The fire rose sharply Thursday and warned there would be more increase in the coming days, said Marty Adell, U.S. Forest Service incident commander for the blaze. Fire crews are resisting high temperatures, winds and low relative humidity, he said. Some of the affected areas are inaccessible, making it difficult for firefighters and equipment to move on site, Adell said.

While the fire has triggered several evacuation orders, Polis said Friday that the main impact is traffic closures.

“Literally, this fire is right on Highway 70,” he said.

The governor said fire conditions have been exacerbated by the dry weather.

“All of Colorado is under drought now,” Polis said. “So we are at a great risk set up in many of our areas. I want to make sure it is a clear message to campers and others to really limit the activities that can cause fires as we go about our lives. daily.”

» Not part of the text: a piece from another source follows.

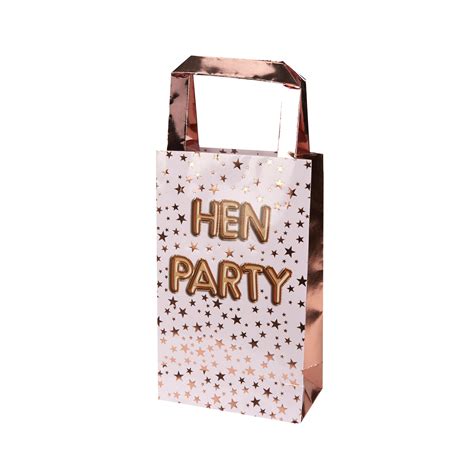 Glitz And Glamour Hen Party Bag Hen Party Bags Hen Party Party Bag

A photo taken by Cameron Peak Fire from above on Thursday, August 13th.
Meanwhile, the Pine Gulch Fire, about 18 miles north of Grand Junction, Colorado, has consumed more than 73,000 acres, according to InciWeb, with only 7% content. Another flame, Cameron Peak Fire, has consumed 2,179 acres
The Mosier Creek fire in Oregon also caused an evacuation. Several large air tanks were on the way to help control the blaze, which by Friday had consumed about 971 acres and was 10% contained, according to the Oregon Central Oregon County Department of Forestry.
The fire has forced at least 565 homes to be evacuated and four structures burned, according to the Oregon Forest Department. Authorities believe the fire was man-made.

CNN’s Stella Chan, Jamiel Lynch, Sarah Moon and Joe Sutton contributed to this report.